Türk Hava Yolları çalışanlarının bağlı olduğu Hava-İş Sendikası geçtiğimiz hafta sonu tarihi bir genel kurul yaşamış ve 24 yıllık Atilay Ayçin dönemi sona ermişti. Ayçin, THY Genel Müdürlüğü önünde grevde bulunan sendika üyelerine duygusal bir veda konuşması yaptı.
1989 yılından bu yana Türk Hava Yolları çalışanlarının haklarını savunmak için mücadele ve kavga ettiğini belirten Ayçin, "Arkamdan küfrettiler, beni suçladılar. Benim bu sendikasının çıkarlarını özellikle parasal anlamda kötüye kullandığıma dair beni "çamur at izi kalsın" mantığıyla suçlayanlar, artık sıradan bir vatandaşım. Varsa elinizde bir belge, bir döküman, benim bu kurumun yüzüne kara leke sürdüğüme dair her hangi bir kanıtınız... Ortaya çıkarın ben de ağzımın payını alayım" dedi.
Hava-İş Sendikası'nın kendi ailesinden daha önde olduğunu söyleyen Atilay Ayçin, "Depremde bile önce 'evimde çatlak var mı?' diye bakmadan sendikaya gidip baktım. Evim benimle, eşimin ve çocuğumun kaldığı bir yerdi. Ama sendika 50 bin kişinin eviydi. O yüzden Hava-İş benim için hep 1 numara oldu. Öyle de olmaya devam edecek" şeklinde konuştu.
"EĞER BEN O TALEBE UYGUN DAVRANSAYDIM... ŞİMDİ 7 SÜLALEM TRİLYONERDİ!"

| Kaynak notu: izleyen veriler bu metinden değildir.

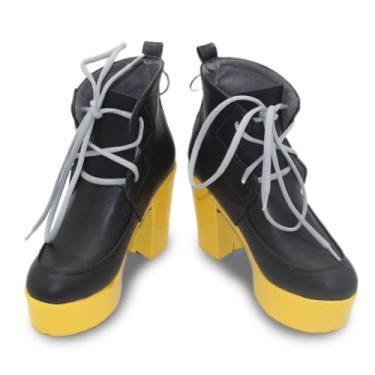 Imagem de COSGOGO New Orphie Magus Magnusson Sapatos Cosplay para Anime Zenless Zone Zero - Botas de salto alto personalizadas feitas à mão para encenações e convenções mulher homem Halloween, Multi, 36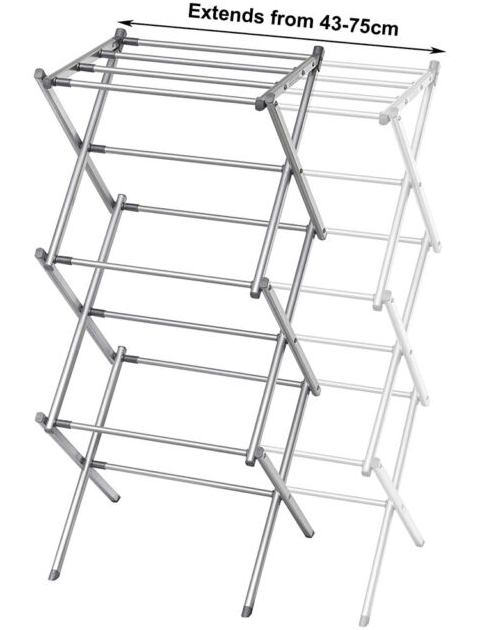 3 Tier Clothes Hanger Expanding Foldable Laundry Drying Rack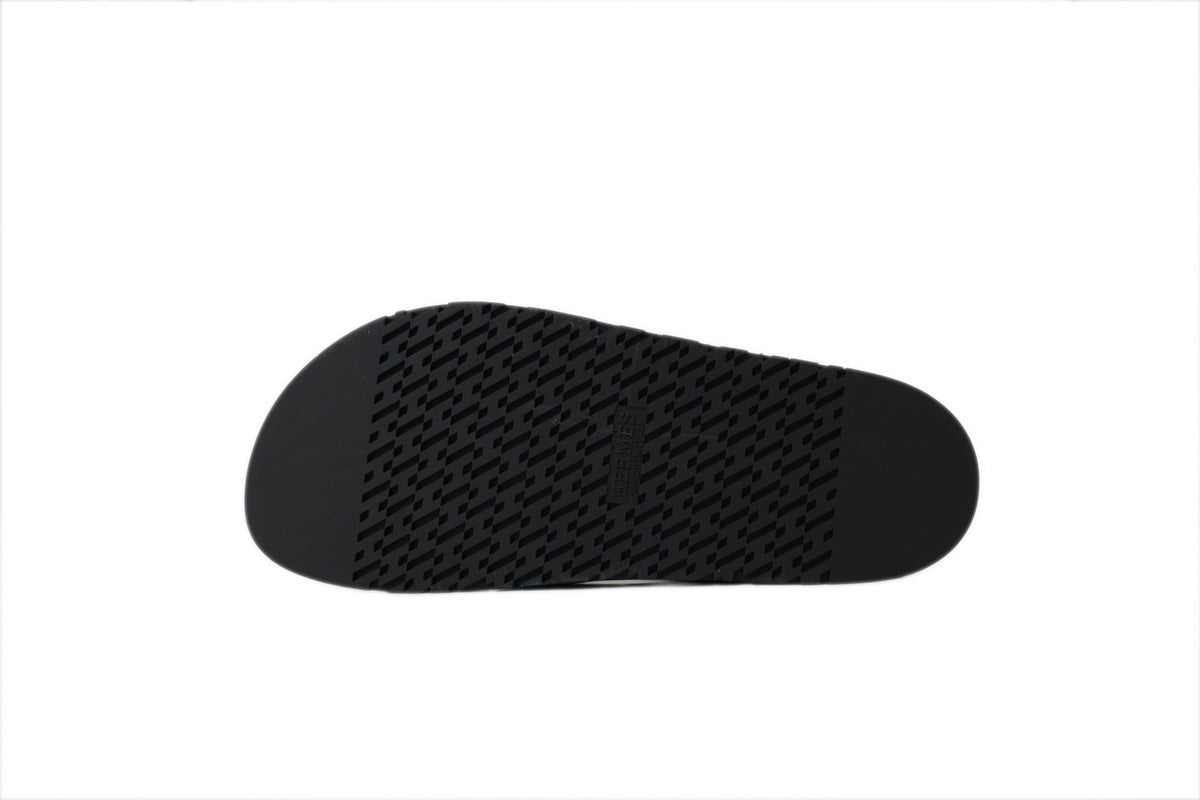 Hermes Kazimir Sandal Black Brown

Çok tehditler aldığını ancak yılmadığını ifade eden Ayçin, "Farklı siyasi iktidarlar döneminde çok tehditler aldım. Ölümle burun buruna geldim. Kurşunlandım. 3 buçuk ay yattım. Çocuğumun üzerinden, eşimin üzerinden tehdit aldım. Yolum kesildi. Köprüden aşağı atıldım. Ama ölmedim. İstenen neydi? İstenen; 'mücadeleci bir sendikacılık yerine devletin, sistemin ve patronların istediği gibi bir sendikacılık yap' talebiydi. Eğer ben o talebe uygun davransaydım. 7 sülalem trilyonerdi şimdi. Ama ben 6 ay Havaş'ın önünde direndim. Cezaevine gittim. Buradan da cezaevine gitmeyi bekliyordum. Ona gerek kalmadan sendikacılığım sona erdi" dedi.